Technically, both of these types of wood can be used for decades. However, if you do not properly take care of pressure-treated wood, it will last much less time. Therefore, without any maintenance, cedar lasts longer.

Furthermore, in treated wood, the number of chemicals used in the wood matters. Not all pressure-treated wood is made the same. There are some significant differences between each type of wood and some will last longer than others.

For the most part, cedarwood will last for a minimum of 20 years, assuming that you clean it annually. However, it does require a lot less maintenance than other types of wood, so helping it last longer is much easier.

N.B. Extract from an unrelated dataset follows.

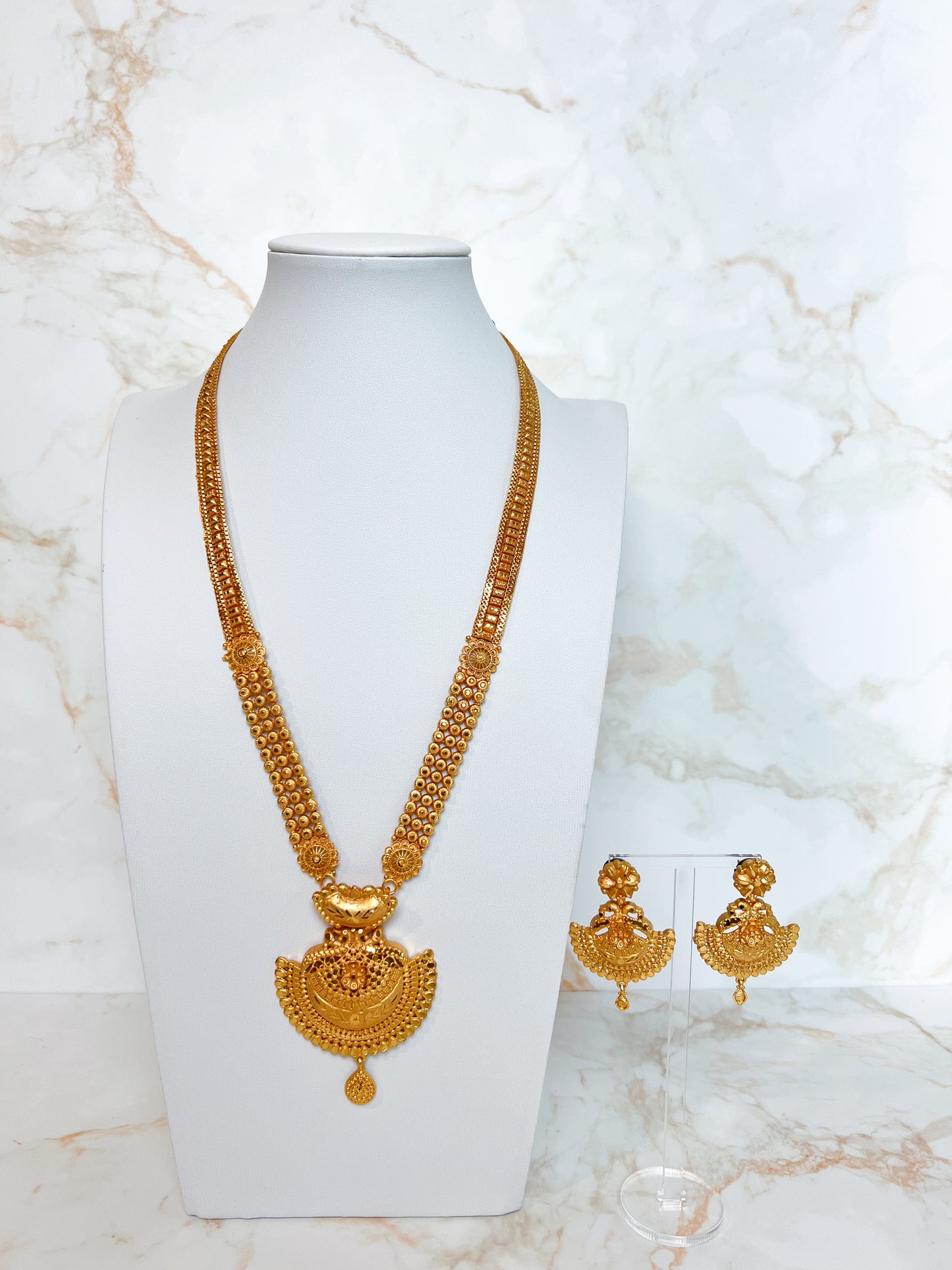 Rani Haar Necklace Set with Earrings Gold Plated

When using cedar on a deck, it will last about twice as long as a pressure-treated deck.

Installation

Typically, cedarwood is pretty easy to utilize. In many cases, you can use it just like you would use any other sort of wood. There is no reason to do anything special with the cedarwood.

However, installing pressure-treated wood is a bit different. You have to wear protective gear, including gloves, eye protection, and a face mask. It can cost more to install for this reason. Plus, not everyone will install pressure-treated wood for all projects. If you’re doing a DIY project, installing pressure-treated wood is more complicated.

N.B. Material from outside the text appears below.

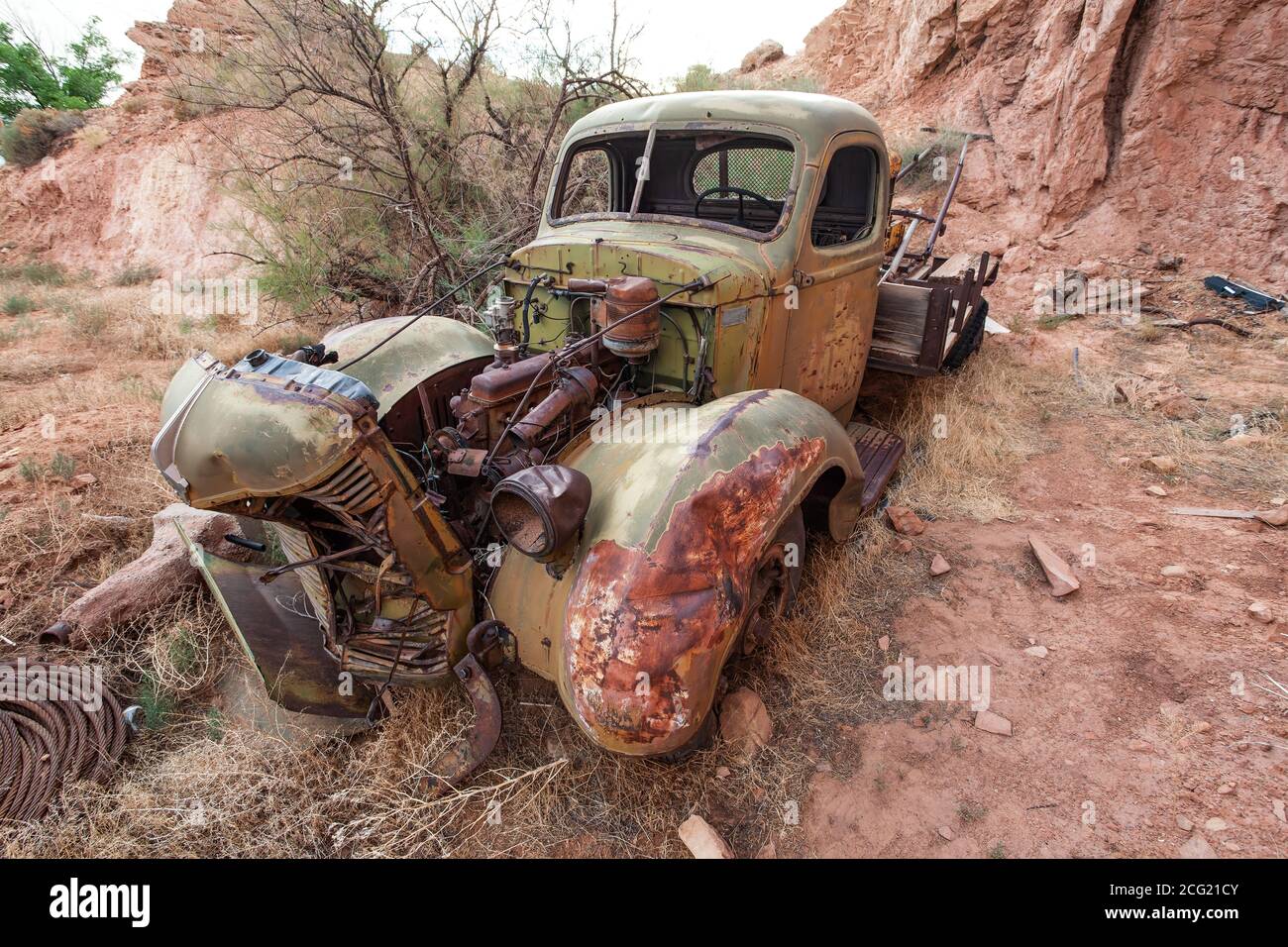 Ein baufälliger 1937 International Harvester Modell D-40 Tieflader, der früher im Uranbergbau in Moab, Utah, verwendet wurde Stockfoto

Because the outside of the pressure-treated wood is the only part that is treated, you have to treat the ends after it has been cut, so it can be quite more complicated than other options out there.

Maintenance Differences

Cedarwood is much easier to maintain than pressure-treated wood. It only needs cleaning about once a year to stay in great condition. Often, it will change color with age, but you can add protective topcoats to cedar to make it last even longer.

Pressure-treated decks require a significant amount of maintenance. It provides annual cleaning and regular staining. You’ll need to seal it regularly to prevent rot. Furthermore, you’ll have to re-seal and re-stain multiple times over the years.

Environmental Friendliness

Cedar is a completely naturally occurring wood. Therefore, it is very eco-friendly. It will not harm the environment and decays eventually when you are done with it.

On the other hand, pressure-treated wood contains chemicals. These may harm the environment in some situations. For instance, burning these woods is not recommended in the least. The fumes can harm your lungs and the environment.

When you are done with pressure-treated wood, you have to take it to a site that is specifically designed to handle these types of wood. However, with cedarwood, you can simply burn it or dispose of it like you would anything else.

wood dividerConclusion

Cedarwood is quite expensive. However, it is naturally resistant to insects and decay and is often used in outdoor projects. It requires little maintenance, and you can seal it to help it last even longer. However, even without extra care, it will last for decades.

Pressure-treated wood is used more commonly than cedarwood because it is less expensive. It is treated with chemicals that prevent decay and it is a good option for those that need something cheap to use outside.

However, it is also more work and won’t last as long.